Amelia Earhart Bones Possibly Discovered On Remote Nikumaroro Island, New Evidence Suggests
New research from The International Group for Historic Aircraft Recovery (TIGHAR) suggests that the partial skeleton of a castaway found on the Pacific island of Nikumaroro in 1941 may have been the remains of aviation pioneer Amelia Earhart, Live Science reports.
Nikumaroro is a coral atoll in the Pacific island republic of Kiribati.
Though the bones have since been lost, TIGHAR has found records of the bones’ measurements that were taken by a British doctor soon after their discovery.
“Those measurements match up with Earhart’s build,” according to Live Science, which cited Richard Gillespie, executive director of TIGHAR.
The person who originally discovered the bones believed they were Earhart’s, but a British doctor determined they belonged to a male at the time, ruling out the possibility that they were the remains of Earhart.

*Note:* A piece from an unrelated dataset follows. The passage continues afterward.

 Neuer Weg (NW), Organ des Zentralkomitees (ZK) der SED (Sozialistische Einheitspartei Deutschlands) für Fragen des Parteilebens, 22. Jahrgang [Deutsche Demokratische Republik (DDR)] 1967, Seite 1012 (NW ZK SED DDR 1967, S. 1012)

“The bones were subsequently lost and the entire incident forgotten,” until TIGHAR rediscovered the doctor’s files in 1998. Those files included the bone measurements the doctor took, according a statement on TIGHAR’s website.
A skeleton matching Amelia Earhart has been found on the remote island of Nikumaroro. https://t.co/5HRFVOC6Bx
— Seeker (@Seeker) November 1, 2016
“An evaluation of those measurements by forensic anthropologists Karen Burns, PhD, and Richard Jantz, PhD, led to the conclusion that ‘the morphology of the recovered bones, insofar as we can tell by applying contemporary forensic methods to measurements taken at the time, appears consistent with a female of Earhart’s height and ethnic origin,'” reads the TIGHAR statement.

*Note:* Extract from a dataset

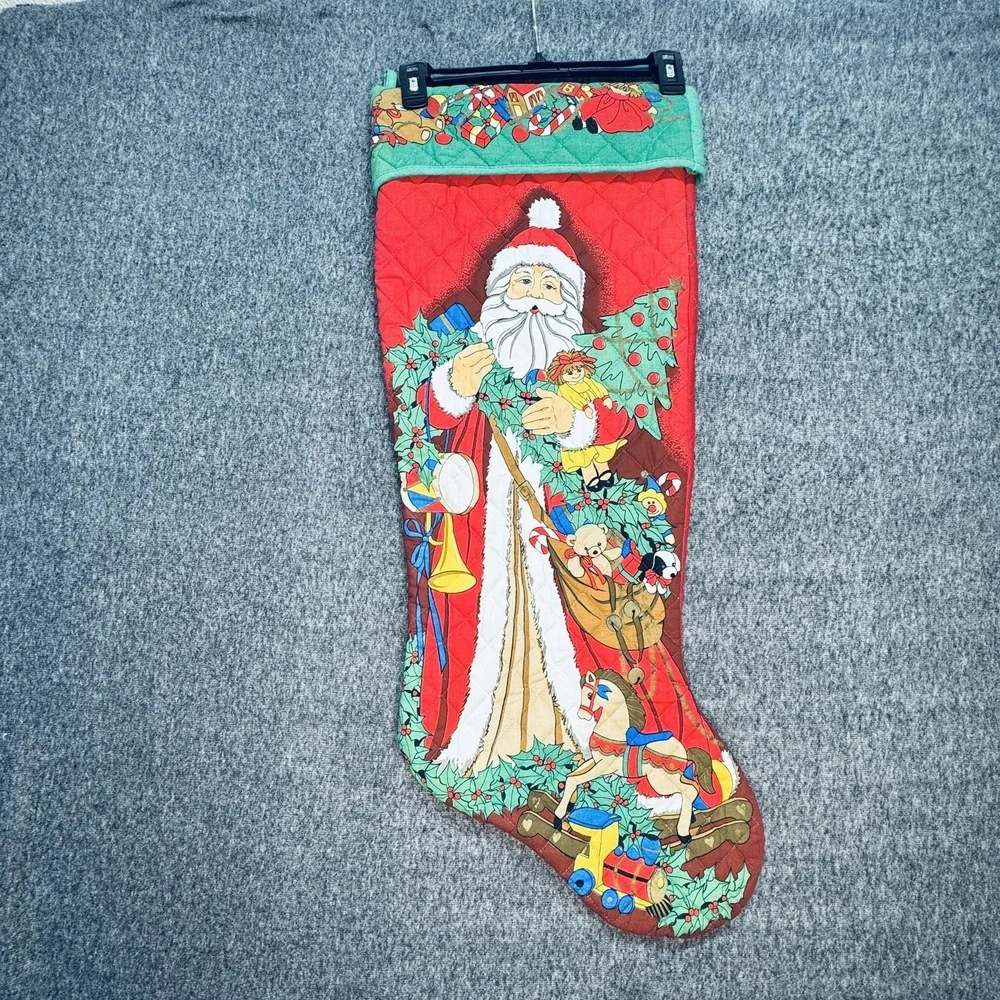 Vintage Quilted Santa Christmas Stocking Large 33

Jantz focused on the ratio of the measurements of a humerus bone, from the upper arm, and a radius bone, from the lower arm, which were among the discovered bones. He noticed a “peculiarity” in the measurements.
“The radius was 24.5 centimeters – a ratio of 0.756 to the length of the humerus,” the TIGHAR statement explains. “Statistically, women born in the late 19th century (Earhart was born in 1897) had an average radius to humerus ratio of 0.73. In other words, if the castaway was a middle-aged, ethnically European woman, she had forearms considerably longer than average.”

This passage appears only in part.